Fighting on horseback was originally the prerogative of the privileged – in the case of Europe, the feudal knight. He displayed his wealth and status by the magnificence of his armour, which gradually limited his ability to fight anyone but another mounted knight.

The development of the longbow, the crossbow and finally gunpowder rendered him obsolete on the battlefield. In western Europe, he was replaced by more regular formations, such as, in England, Cromwell’s New Model Army. But their military value was limited, and cavalry never regained its dominance.

In Poland, cavalry continued to play a vital role. The reasons for this range from traditional ethos, social conditions, terrain, the nature of the enemy, to tactical sense and above all training, of man and horse in equal measure. As a result, Polish cavalry units were prized by the likes of Frederick the Great, Napoleon and others, who incorporated them into their own armies, thereby keeping the tradition alive, even when Poland itself had been wiped off the map. That is why, in 1919, the resurgent Polish state was able to field regiments that were able to play such an effective part in seeing off the Bolshevik invasion of Europe in 1920.

The talk will be illustrated with clips showing key points in the training of a cavalryman, and accompanied by a short film illustrating how they fought in 1920.

About the speaker

Adam Zamoyski is a British historian of Polish origin.
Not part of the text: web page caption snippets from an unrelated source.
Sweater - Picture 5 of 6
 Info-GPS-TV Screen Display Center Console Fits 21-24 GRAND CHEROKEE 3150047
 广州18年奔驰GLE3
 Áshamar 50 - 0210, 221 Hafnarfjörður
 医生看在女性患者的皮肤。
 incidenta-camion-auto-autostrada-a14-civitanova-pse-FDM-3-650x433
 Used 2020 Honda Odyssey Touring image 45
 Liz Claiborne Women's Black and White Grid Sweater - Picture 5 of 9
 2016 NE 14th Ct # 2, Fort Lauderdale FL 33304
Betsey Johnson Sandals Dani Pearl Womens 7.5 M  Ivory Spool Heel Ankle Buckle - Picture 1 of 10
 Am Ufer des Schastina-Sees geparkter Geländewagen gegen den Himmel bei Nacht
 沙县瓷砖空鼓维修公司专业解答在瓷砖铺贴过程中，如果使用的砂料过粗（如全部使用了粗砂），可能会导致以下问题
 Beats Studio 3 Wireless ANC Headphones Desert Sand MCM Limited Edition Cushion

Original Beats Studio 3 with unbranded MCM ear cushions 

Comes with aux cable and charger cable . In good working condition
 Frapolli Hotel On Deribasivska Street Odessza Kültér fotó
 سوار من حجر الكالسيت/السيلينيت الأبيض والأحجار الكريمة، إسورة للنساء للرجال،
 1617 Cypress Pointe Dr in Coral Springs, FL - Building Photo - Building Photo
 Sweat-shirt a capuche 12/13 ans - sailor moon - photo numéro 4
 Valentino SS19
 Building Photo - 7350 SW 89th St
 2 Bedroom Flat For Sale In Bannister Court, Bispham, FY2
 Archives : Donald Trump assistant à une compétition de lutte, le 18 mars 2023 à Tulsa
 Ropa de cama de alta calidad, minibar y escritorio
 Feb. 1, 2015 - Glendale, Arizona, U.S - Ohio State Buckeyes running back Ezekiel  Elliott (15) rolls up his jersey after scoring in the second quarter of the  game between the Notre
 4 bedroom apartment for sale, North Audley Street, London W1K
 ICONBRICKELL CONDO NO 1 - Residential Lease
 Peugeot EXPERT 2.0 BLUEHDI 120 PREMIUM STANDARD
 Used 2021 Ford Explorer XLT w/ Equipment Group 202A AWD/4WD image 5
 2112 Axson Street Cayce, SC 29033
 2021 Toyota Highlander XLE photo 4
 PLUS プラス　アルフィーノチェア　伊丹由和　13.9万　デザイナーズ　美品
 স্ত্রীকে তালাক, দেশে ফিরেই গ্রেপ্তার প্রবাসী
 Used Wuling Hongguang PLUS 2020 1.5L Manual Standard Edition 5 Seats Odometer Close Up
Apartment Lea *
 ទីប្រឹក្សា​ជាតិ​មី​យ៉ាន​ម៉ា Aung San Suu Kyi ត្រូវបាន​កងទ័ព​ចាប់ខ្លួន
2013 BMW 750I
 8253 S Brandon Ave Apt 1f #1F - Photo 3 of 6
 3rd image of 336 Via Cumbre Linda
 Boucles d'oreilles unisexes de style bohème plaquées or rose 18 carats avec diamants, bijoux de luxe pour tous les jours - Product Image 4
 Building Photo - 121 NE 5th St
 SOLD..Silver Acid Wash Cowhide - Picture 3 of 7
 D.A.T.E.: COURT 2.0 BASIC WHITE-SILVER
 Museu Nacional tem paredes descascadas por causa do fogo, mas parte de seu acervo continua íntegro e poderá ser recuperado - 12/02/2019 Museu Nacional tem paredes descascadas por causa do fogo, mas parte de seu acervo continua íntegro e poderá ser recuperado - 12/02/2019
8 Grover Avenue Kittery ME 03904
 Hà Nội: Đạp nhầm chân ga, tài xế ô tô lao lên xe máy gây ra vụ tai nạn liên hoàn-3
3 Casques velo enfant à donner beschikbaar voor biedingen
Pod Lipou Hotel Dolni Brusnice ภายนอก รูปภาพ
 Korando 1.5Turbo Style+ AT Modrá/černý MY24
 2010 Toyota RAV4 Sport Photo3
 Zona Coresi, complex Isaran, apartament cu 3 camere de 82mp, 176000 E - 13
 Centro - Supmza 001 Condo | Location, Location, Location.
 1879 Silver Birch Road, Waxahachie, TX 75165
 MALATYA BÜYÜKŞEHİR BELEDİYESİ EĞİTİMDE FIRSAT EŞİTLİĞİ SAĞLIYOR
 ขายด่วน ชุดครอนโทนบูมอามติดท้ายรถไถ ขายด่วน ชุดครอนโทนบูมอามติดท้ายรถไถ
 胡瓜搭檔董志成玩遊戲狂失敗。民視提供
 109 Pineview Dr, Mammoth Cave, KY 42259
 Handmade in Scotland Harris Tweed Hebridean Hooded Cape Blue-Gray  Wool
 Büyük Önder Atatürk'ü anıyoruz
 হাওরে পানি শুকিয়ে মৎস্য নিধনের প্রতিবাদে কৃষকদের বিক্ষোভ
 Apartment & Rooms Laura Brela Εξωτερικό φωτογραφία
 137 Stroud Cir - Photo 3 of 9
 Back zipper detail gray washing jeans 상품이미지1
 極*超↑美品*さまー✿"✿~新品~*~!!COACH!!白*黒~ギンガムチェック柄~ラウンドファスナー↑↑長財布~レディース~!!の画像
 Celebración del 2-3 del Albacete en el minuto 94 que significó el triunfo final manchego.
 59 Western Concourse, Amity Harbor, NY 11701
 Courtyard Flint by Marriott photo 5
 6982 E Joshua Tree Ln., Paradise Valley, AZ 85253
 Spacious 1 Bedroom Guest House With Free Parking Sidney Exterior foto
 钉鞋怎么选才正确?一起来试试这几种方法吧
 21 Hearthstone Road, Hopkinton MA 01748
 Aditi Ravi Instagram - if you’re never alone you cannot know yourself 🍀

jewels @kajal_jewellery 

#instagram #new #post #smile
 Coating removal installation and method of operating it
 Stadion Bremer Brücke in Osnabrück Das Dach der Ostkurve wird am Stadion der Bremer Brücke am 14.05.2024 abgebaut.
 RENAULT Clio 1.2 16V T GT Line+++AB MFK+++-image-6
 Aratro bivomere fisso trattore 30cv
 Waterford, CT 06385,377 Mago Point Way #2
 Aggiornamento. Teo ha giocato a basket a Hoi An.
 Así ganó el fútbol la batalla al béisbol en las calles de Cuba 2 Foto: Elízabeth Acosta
He is the author of the bestselling 1812: Napoleon’s Fatal March on Moscow and its sequel, Rites of Peace: The Fall of Napoleon and the Congress of Vienna, as well as several other acclaimed works on key figures and aspects of European history.

His comprehensive history of Poland, The Polish Way, not only featured in the bestseller lists for several weeks when it came out in 1987, but was never out of print, even after it was superseded by Zamoyski’s Poland: A History in 2009. He has also contributed to all the major British papers and periodicals, as well as lecturing widely in England, Europe and the United States.